In 1951, Christian Dior sent a group of models to Athens to create a fashion editorial with the Acropolis in the background. And in Paris Match the teacher expressed that he had chosen this majestic setting because “he needed to find a reason for making a collection in another part of the world to make some sense”.
Now, 70 years later, Maria Grazia Chiuri, the creative director of the house, has returned to that place to give more meaning and message than ever to her cruise collection.
After a more than difficult season and in a slow but impressive “return to normalcy” Dior has thus signed a simply sensational cruise collection. Overwhelming. The most inspiring and inspired since he has run the House.
The halftime collection is finally presented in an emblematic place and with an audience
In his new “departure” from Paris (necessary, since the capital already has its week of prêt-à-porter and another for haute couture), to resume the tradition of presenting the halftime collection in other (emblematic) places of the world Maria Grazia Chiuri repeats this destination for being exceptional, the cradle of Western civilization and European arts and giving a decidedly Hellenic touch to its Cruise 2022 collection.
He has reinvented his genealogy for this and modifies most of the house codes and gives a renewed prominence and intention to the peplum.

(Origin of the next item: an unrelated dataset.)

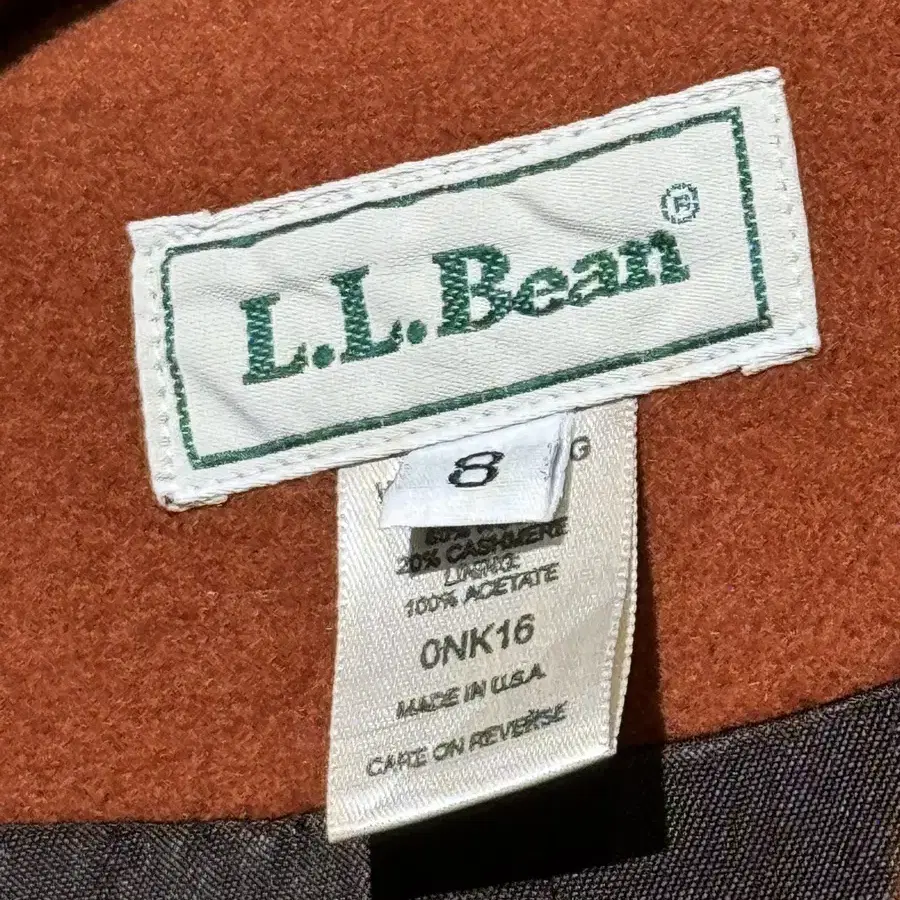 80s L.L.BEAN Cashmere Jacket made in USA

And most importantly, again, he did it before the public, select as always, and in a smaller number than ever but with personalities with strong ties to the house such as Catherine Deneuve, Cara Delevingne, Beatrice Boroomeo, Suki Waterhouse, Miranda Kerr, Maria Sakkari or Eugenie Niarchos.
In this spirit, the collection recreates its own map of Greece, with its references and poetry, from the works of Giorgio De Chirico to vases decorated with battles by Alexandre Iolas. Giant silhouettes stand out in the foreground in sketches by artist Pietro Ruffo or are camouflaged in a selection of sportswear.
The ‘peplum’ and white pantsuits that evoke those of Marlene Dietrich are back
The proposal has a decisive impact on white and especially on the series of white pantsuits that evoke those of Marlene Dietrich, structuring a balanced lexicon between classicism and freedom.
But this Hellenization goes further and Maria Grazia Chiuri reinvents the oversized houndstooth with it and makes the cannage motif acquire new abstractions.
All in a perfect alliance of heritage and modernity that, within the iconic Panathenaic Stadium, the stage of the show, reveals a manifesto for a body that more than ever “enjoys freedom of movement, acting without restrictions.”